Wolfed down some breakfast and we were on our way to Stoke. Why Stoke, you ask? Hardeep discovered the Staffordshire Oatcake, or 'Stokey Oatcake' as he prefers saying. And why not - it's a road trip, so we set our cars' sat navs and cruised there. Hardeep had bought a car just for this trip, a Honda Integra Type R DC2, with the B18C VTEC engine, a fantastic engine even to this day.

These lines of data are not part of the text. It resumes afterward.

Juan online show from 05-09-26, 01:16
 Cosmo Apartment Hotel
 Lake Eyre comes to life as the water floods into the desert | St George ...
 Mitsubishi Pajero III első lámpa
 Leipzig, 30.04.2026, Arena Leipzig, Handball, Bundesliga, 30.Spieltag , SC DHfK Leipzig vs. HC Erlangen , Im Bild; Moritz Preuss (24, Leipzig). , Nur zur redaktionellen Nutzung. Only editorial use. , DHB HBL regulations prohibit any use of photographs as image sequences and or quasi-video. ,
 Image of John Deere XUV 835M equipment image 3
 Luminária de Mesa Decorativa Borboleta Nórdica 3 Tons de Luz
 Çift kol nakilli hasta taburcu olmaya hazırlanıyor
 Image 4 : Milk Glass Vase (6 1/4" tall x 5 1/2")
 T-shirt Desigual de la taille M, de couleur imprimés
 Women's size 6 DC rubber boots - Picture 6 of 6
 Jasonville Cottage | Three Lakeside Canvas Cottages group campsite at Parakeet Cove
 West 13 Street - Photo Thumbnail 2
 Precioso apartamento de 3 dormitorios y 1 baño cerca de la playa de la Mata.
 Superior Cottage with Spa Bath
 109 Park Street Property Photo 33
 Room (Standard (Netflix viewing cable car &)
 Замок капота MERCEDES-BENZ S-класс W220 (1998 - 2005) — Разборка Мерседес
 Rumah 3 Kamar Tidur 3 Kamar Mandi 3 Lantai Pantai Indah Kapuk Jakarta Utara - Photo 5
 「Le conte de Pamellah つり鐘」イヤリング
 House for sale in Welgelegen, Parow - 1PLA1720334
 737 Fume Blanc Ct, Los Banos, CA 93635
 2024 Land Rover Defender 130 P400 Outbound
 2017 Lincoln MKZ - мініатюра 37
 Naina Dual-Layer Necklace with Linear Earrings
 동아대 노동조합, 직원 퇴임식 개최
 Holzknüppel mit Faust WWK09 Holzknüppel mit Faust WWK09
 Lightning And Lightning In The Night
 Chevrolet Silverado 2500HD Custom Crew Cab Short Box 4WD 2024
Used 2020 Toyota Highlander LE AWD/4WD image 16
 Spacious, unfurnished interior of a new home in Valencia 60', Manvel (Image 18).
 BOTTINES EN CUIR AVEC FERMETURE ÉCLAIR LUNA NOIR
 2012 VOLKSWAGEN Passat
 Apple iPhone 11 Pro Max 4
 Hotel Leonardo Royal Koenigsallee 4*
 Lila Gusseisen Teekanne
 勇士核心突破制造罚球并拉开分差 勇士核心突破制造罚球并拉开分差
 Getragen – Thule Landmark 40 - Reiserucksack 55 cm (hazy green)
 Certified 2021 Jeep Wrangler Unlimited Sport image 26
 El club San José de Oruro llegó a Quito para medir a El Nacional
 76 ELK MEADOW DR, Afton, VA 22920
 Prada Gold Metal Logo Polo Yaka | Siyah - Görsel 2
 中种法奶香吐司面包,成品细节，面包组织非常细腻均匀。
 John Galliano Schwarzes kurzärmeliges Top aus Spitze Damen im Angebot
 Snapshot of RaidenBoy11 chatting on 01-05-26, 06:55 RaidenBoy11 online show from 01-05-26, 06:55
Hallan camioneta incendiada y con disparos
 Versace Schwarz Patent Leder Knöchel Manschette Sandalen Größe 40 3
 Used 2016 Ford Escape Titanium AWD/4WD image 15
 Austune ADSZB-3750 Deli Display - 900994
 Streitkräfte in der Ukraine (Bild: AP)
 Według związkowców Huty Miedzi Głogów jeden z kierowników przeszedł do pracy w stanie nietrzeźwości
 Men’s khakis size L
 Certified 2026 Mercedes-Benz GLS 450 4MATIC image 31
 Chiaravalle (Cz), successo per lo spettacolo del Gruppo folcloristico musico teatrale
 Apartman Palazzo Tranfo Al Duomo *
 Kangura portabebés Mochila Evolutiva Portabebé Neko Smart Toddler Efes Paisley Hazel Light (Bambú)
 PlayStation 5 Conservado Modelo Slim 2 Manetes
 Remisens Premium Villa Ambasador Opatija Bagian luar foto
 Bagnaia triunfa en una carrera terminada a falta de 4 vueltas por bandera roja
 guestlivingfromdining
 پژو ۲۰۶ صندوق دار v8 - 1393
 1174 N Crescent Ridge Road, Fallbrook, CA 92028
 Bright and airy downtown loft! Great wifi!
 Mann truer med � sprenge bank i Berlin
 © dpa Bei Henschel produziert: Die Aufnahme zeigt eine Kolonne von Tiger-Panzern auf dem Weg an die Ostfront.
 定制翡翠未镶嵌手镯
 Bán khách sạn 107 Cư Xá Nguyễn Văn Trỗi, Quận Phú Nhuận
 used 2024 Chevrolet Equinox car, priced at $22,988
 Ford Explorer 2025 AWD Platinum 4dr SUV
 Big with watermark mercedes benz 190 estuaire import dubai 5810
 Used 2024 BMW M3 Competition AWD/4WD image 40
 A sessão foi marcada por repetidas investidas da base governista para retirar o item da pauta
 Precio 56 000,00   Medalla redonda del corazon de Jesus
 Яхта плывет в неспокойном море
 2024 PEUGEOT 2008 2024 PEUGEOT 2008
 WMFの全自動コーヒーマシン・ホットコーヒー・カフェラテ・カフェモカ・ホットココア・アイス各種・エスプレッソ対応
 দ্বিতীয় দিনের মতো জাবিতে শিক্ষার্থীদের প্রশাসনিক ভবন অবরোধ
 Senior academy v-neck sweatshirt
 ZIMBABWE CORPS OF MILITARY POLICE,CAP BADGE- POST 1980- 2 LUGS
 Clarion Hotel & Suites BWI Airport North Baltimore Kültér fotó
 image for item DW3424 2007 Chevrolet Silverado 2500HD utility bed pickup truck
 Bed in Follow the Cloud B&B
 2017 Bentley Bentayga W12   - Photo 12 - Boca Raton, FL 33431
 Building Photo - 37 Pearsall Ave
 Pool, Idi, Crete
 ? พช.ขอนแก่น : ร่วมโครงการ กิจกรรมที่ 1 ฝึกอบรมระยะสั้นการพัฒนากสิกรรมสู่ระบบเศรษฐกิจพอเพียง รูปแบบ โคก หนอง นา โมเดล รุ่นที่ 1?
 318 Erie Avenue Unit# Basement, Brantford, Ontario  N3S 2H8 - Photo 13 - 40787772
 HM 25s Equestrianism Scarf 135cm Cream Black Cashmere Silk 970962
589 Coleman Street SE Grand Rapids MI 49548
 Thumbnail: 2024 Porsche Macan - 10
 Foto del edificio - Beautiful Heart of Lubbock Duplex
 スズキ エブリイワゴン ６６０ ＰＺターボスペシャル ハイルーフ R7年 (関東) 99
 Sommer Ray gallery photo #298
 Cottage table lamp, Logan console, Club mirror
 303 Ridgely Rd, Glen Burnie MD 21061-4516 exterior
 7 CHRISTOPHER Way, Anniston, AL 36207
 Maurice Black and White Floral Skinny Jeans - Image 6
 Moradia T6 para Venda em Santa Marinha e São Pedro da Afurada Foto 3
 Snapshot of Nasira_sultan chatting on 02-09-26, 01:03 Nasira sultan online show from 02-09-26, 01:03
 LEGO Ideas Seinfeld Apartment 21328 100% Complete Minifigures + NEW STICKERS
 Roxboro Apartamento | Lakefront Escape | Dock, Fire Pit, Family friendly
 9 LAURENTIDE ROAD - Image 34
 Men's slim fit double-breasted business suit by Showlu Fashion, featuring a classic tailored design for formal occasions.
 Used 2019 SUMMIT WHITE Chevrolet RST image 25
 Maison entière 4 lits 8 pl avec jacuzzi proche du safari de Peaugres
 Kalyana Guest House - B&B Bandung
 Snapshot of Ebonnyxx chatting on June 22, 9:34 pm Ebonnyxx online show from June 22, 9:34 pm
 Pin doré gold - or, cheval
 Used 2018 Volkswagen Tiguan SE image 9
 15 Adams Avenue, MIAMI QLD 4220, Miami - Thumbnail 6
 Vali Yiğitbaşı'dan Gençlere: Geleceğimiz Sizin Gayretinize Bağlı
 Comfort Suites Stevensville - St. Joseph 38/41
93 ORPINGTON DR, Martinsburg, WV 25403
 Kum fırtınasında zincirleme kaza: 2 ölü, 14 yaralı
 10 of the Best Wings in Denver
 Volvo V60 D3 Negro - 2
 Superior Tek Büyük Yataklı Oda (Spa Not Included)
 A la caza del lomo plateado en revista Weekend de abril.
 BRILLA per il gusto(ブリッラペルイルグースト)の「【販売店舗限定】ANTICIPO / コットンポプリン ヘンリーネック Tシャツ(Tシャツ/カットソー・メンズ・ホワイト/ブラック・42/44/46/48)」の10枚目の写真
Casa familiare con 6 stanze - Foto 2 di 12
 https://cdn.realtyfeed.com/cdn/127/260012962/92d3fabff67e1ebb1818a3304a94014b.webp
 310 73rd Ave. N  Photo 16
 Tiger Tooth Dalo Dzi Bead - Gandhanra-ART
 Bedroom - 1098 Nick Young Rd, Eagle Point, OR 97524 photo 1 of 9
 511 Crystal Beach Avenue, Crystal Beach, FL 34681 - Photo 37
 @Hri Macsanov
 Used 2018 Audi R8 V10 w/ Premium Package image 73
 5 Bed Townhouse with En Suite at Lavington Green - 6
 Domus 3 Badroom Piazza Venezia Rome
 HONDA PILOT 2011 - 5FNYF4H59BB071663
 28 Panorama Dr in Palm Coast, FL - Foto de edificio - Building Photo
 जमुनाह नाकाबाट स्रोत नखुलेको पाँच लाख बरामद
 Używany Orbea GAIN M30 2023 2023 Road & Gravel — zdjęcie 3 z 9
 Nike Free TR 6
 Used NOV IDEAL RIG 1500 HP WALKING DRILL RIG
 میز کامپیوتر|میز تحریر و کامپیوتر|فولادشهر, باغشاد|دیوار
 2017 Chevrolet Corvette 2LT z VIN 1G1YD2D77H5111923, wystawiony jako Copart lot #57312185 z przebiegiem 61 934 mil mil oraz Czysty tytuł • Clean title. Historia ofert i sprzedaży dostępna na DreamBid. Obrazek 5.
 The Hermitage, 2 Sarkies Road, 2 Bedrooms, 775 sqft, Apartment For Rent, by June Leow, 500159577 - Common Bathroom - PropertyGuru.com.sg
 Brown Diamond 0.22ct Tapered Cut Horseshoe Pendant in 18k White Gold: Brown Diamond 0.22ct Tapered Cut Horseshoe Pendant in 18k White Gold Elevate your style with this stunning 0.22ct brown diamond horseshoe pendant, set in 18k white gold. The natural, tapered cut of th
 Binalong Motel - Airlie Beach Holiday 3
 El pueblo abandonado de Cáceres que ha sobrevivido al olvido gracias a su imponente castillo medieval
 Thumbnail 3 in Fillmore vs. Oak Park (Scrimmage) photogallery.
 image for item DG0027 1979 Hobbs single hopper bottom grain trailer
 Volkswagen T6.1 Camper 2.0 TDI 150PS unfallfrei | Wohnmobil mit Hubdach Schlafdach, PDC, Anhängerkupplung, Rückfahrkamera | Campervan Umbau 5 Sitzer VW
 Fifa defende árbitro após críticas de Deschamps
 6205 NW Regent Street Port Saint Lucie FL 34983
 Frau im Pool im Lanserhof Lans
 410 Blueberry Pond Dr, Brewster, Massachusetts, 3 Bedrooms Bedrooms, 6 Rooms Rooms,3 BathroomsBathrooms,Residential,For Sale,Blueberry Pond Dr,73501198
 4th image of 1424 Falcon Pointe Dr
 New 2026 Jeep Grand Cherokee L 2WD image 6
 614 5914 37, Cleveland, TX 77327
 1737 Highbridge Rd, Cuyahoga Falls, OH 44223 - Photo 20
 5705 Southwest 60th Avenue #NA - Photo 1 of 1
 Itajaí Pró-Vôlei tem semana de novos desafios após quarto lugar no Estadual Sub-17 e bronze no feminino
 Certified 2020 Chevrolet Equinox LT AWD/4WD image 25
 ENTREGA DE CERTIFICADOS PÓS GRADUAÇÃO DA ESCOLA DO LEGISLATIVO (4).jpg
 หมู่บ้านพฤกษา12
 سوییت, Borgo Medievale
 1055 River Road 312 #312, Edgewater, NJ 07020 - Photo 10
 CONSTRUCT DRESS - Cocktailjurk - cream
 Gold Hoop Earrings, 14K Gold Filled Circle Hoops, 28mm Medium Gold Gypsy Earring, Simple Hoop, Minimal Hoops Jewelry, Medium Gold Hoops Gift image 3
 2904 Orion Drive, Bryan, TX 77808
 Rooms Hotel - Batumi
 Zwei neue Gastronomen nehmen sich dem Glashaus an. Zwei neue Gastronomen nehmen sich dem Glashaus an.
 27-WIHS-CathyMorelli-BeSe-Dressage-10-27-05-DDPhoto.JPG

Hardeep phones in saying he is running 10-20 minutes behind, and as we arrived in Stoke and were seconds from the destination, we decided to go to an ASDA supermarket, in fear that this will be the last bit of normal civilisation we will see before we make our way up in to the Highlands. After stocking up on energy drinks and snacks, we we informed Hardeep has parked up so we drove over. The pitstop - JJ's Oatcakes.
We left Toddington in the lovely Home Counties sunshine and Stoke was rainy. Suitably refuelled/overfulled from the breakfast, we planned find a Shell petrol station as again, we feared we may not have access to the more luxurious and well known fuel once we are up there - and this prompted us to begin our first Top Gear-esqe challenge: Who can go the furthest. Clearly this was a contest aimed at the Integra and the GT86, as Jonny's A6 certainly wouldn't have an issue with range. 
Before we left, the lovely people at JJ's Oatcakes gave us some freshly made oatcakes with a target for us to get a photo of the oatcakes up in the Highlands. Thank you!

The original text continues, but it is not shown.